"Good Evening New Jersey!"
It's one of the greatest sounds a Bruce fan can hear. There's nothing quite like that moment when the house lights go out, the stage lights go on and Bruce takes the stage. And you know for the next 3+ hours, you're about to see a legend in concert, and he won't disappoint. He never has before, and he isn't going to tonight. And man, was Bruce ON tonight.
I almost didn't make it to this concert, as tickets were incredibly difficult to get when they went on sale. Fortunately, my good buddy Kyle called me a few minutes after they went on sale while I was still trying to get them and told me he had gotten tickets. So off I went to the lovely Prudential Center in downtown Newark, NJ with Kyle, his girlfriend, and brother. This was the first time in a long time I was going to see Bruce without my fellow Legends Of Springsteen contributors. I was a little nervous that perhaps my fandom might be a little much for the others in my group, but they kept up right along with me belting out the lyrics to "Out In The Street", dancing on the floor of the Prudential Center to "Cadillac Ranch", and chugging beers like we were still in college to "Sherry Darling". We also met a really nice father and son on the floor who had been to countless shows together and were huge fans. I suggested that they visit this site later, so Matt and Joe if you see this, we had a blast rocking out with you!
The first thing I noticed about this show, was that the E Street Band was much smaller than it's been on the past few tours. That's actually a good thing, as I specifically remember thinking the last time I saw Bruce that the band had gotten comically large. Gone is the horns section, save Jake Clemons of course, and gone are the background singers, and back up percussionists. This is the lineup from the original River tour, except for the members who have passed away and been replaced, and plus Patti and Soozi Tyrell.
Also, this is kind of a strange tour. The River is a classic Bruce album, no doubt about it. But it's not one of his most classic. And 35 isn't exactly a milestone year. Put it this way, I'll be turning 35 in a few short years, and I don't in any way see it as a milestone. What did I care though? If it meant going to see Bruce live, I didn't care how strange the touring circumstances were.
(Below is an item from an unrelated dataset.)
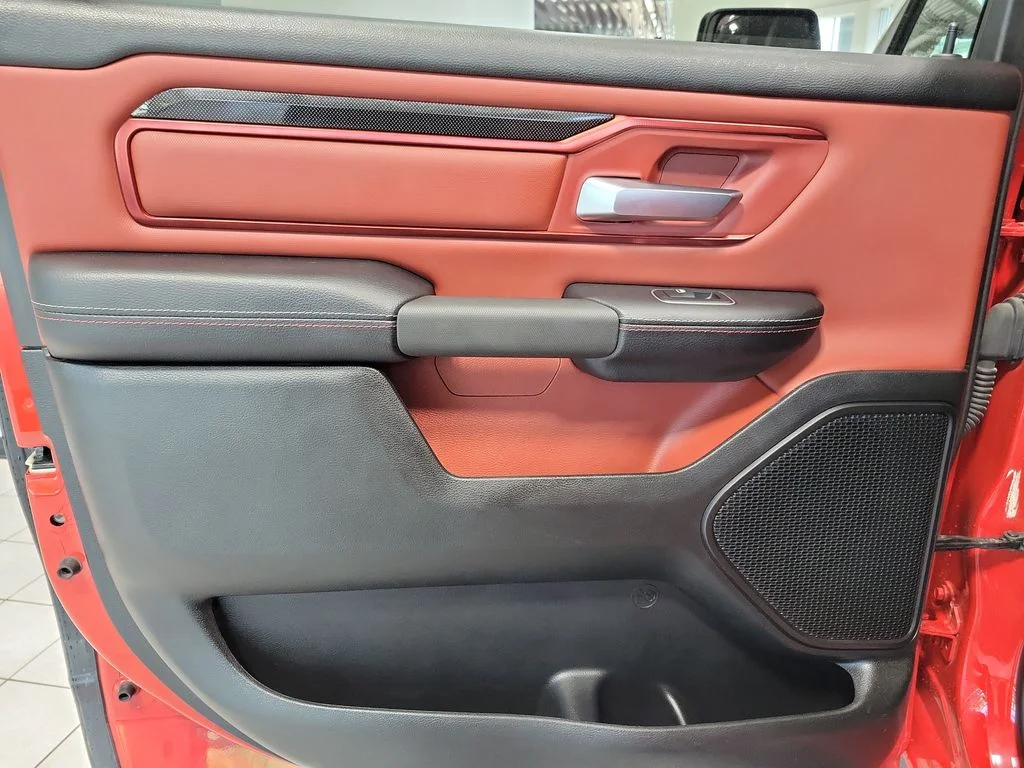 Certified Used 2021 Red Ram Rebel image 33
But of course, Bruce explained it perfectly. This wasn't his introduction to rock and roll like Greetings From Asbury Park or his masterpiece Born To Run. And he was still a few years away from the height of his popularity with Born In The USA. This was him proving he still had "it". It was the album Bruce wrote in his 30s, way past the point where he can say he was the new guy, the up and comer. He had been around for too long and had way too much success. But he wasn't done, so he wasn't at the point where he could just rest on his laurels, and call it a career. Hell, I don't even think he's at that point now, nor does he want to be. Bruce proved tonight what he's proved to me every night that I've gone to see him: that he wants to be better than he was the last time he played.
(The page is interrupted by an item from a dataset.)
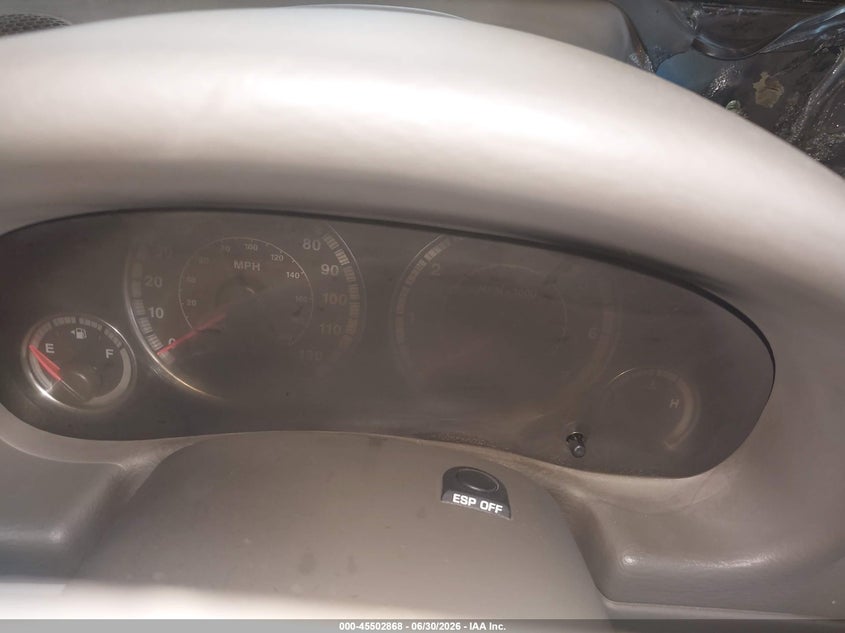 2006 JEEP LIBERTY auction photo 7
And of course, after he played The River in it's entirety he played a setlist that would rival any of his other previous ones. Non-stop crowd pleasers, including having the house lights on for his entire encore. By the end of the night, there wasn't a disappointed fan in all of the Prudential Center. I would write more, but I'm exhausted and need to go to bed now. Bottom line: if you're debating on whether or not to go see Bruce on this tour, don't. It's 100% worth every penny, and for the first time in a long time, I left a Bruce concert without thinking "This might be the last tour I get to see him on." He's looks and sounds better than any performer half his age and shows absolutely no desire to slow down any time soon.